Only the lines from the one containing "Hey Plex: Samsung" to the end of the data should be copied, exactly and without pictures.
** Opening EXTRACTED MATERIAL block **
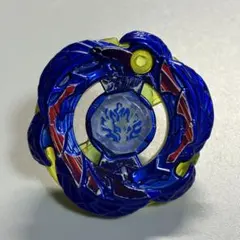 【激レア‼️】　サムライペガシス　Brave ver. メタルファイトベイブレード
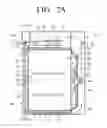 Fig. 03 - OVEN AND CONTROL METHOD THEREOF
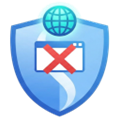 Global Popup Manager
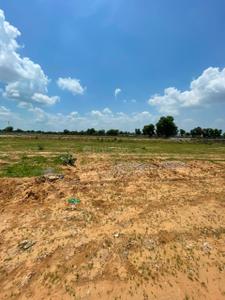 Image of 1649 Sq.ft Residential Plot / Land for sale in Narayan Vihar, Jaipur for Rs. 6471254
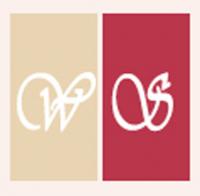 Logo Wedding Start Logo Wedding Start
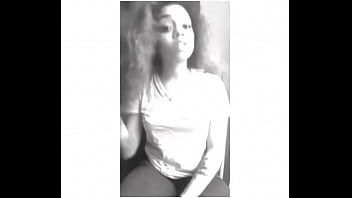 Unknown - 2025 - Hot - Scene - Video 2145226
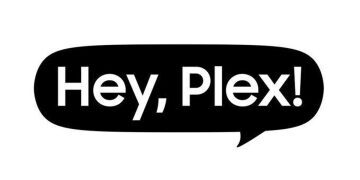 Hey Plex: Samsung and Perplexity partner for Galaxy AI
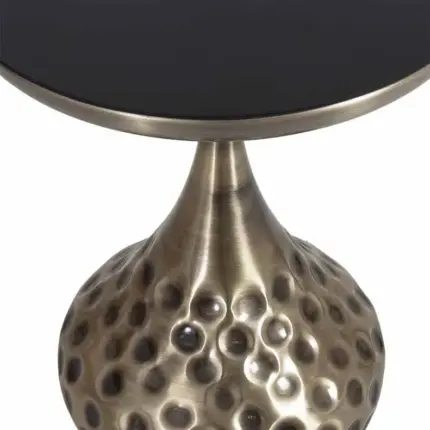 SP 157 2 - horeca chairs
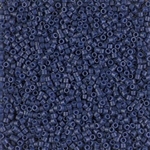 DB2143 - Matte Opaque Dyed Navy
** Closing EXTRACTED MATERIAL block **
#### FINISHED EXERCISE:
 Hey Plex: Samsung and Perplexity partner for Galaxy AI
 SP 157 2 - horeca chairs
 DB2143 - Matte Opaque Dyed Navy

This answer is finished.